“U zimmili”, quando erano gli animali a portare il peso delle cose
C’erano una volta, in Sicilia, abili “cannistrari” in grado di creare, con mosse strategiche, sicure, quasi fosse una danza, dei veri capolavori con quella padronanza del lavoro artigianale, creativo, unico che è andato scomparendo quando, a sostituire la mano dell’uomo, sono subentrate le macchine, quando ai prodotti naturali ricavati dalle piante sono subentrate le materie sintetiche e le plastiche. Quando tutto si è uniformato e il prodotto ha perso l’anima di chi lo creava e la sua unicità!
L’intrecciatore era uno dei tanti protagonisti, non solo in Sicilia, di quei mestieri antichi, che sono andati perduti. Quei mestieri che, nelle società agropastorali, erano in grado di realizzare oggetti di uso quotidiano e necessari al lavoro come cesti, canestri e panieri di diverse forme e misure utilizzando giunco, vimini, canne, foglie secche di palma nana ed anche di altre piante con l’aiuto di semplici strumenti come forbici, aghi speciali, spago e magari pezzi di stoffa per decorare e qualche sonaglio, non solo decorativo, ma anche funzionale a far sentire dove fosse posizionato l’oggetto.
Tra gli “Ntrizzaturi” (intrecciatori) se ne distingueva uno in particolare, “u Zimmilàru”, che realizzava grossi contenitori, detti appunto zimmìli, che venivano sistemati in coppia, alle due estremità di un bastone, in modo da bilanciarsi ed essere disposti sul dorso dell’animale da soma, fosse asino, cavallo o mulo, e scivolavano in coppia, uno alla destra e l’altro alla sinistra, lungo i fianchi dell’animale. Queste grosse borse servivano ad alleggerire il lavoro dell’uomo rendendo agevole il trasporto di oggetti e prodotti agricoli, come il grano per esempio, soprattutto nel percorrere stradine impervie e sentieri accidentati.
Erano grandi borse, profonde sino ad un metro e venti, erano realizzate in giunco intrecciato finemente, in modo da garantire sia resistenza, per il peso da trasportare, sia sicurezza, per il trasporto di materiale piccolo e sfuso come terra, sabbia, pietrisco, grano ecc. Infatti l’intreccio fitto assicurava che il materiale non fuoriuscisse dagli “zimmili”.

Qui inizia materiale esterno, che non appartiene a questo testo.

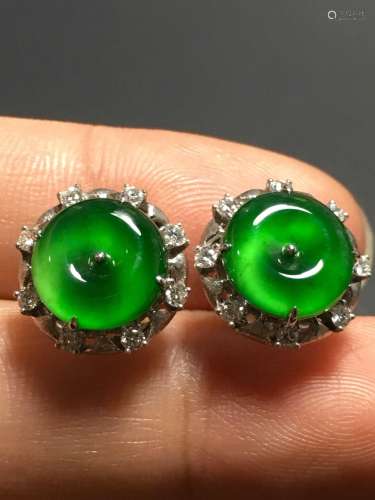 A GREEN JADEITE CARVED CIRCLE EARRINGS, TYPE A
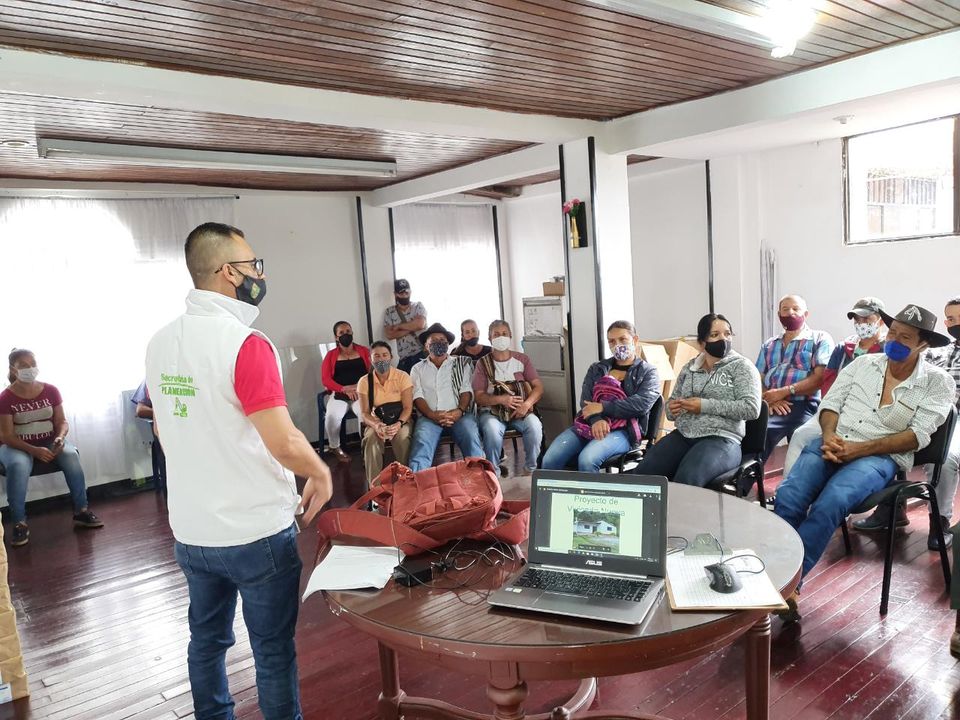 SOCIALIZA PROYECTO DE VIVIENDA PARA 17 FAMILIAS EN ZONA RURAL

Questo sistema di trasporto delle merci probabilmente si può far risalire ai tempi degli arabi, da cui probabilmente deriva il termine zimmili. E’ stato usato, nel tempo, il termine zimmile come unità di misura ma variava a seconda del materiale trasportato. Se il materiale era leggero, ogni zimmile doveva contenerne circa 1,40 metri cubi di quel tipo di materiale, se invece si trattava di materiali più pesanti si doveva diminuirne il volume anche per la salute dei poveri animali addetti al trasporto. Otto zimmili corrispondevano ad una carrozzata, ossia alla capienza di un carretto.
Successivamente questa unità di misura è cambiata, adeguandosi al tipo di merci trasportate. Ma ancora sussiste nel dialetto antico per indicare una grossa quantità, imprecisata. Oggi troviamo a Palermo una piazzetta intitolata agli Zimillari, nelle vicinanze del noto mercato di Ballarò, a testimonianza di un mestiere che non esiste più.
Alcuni zimmili restano appesi al chiodo nelle case di campagna o meglio in quei musei che raccolgono testimonianze della civiltà contadina. A volte emergono e riprendono vita in occasioni particolari e nel corso di manifestazioni popolari o eventi.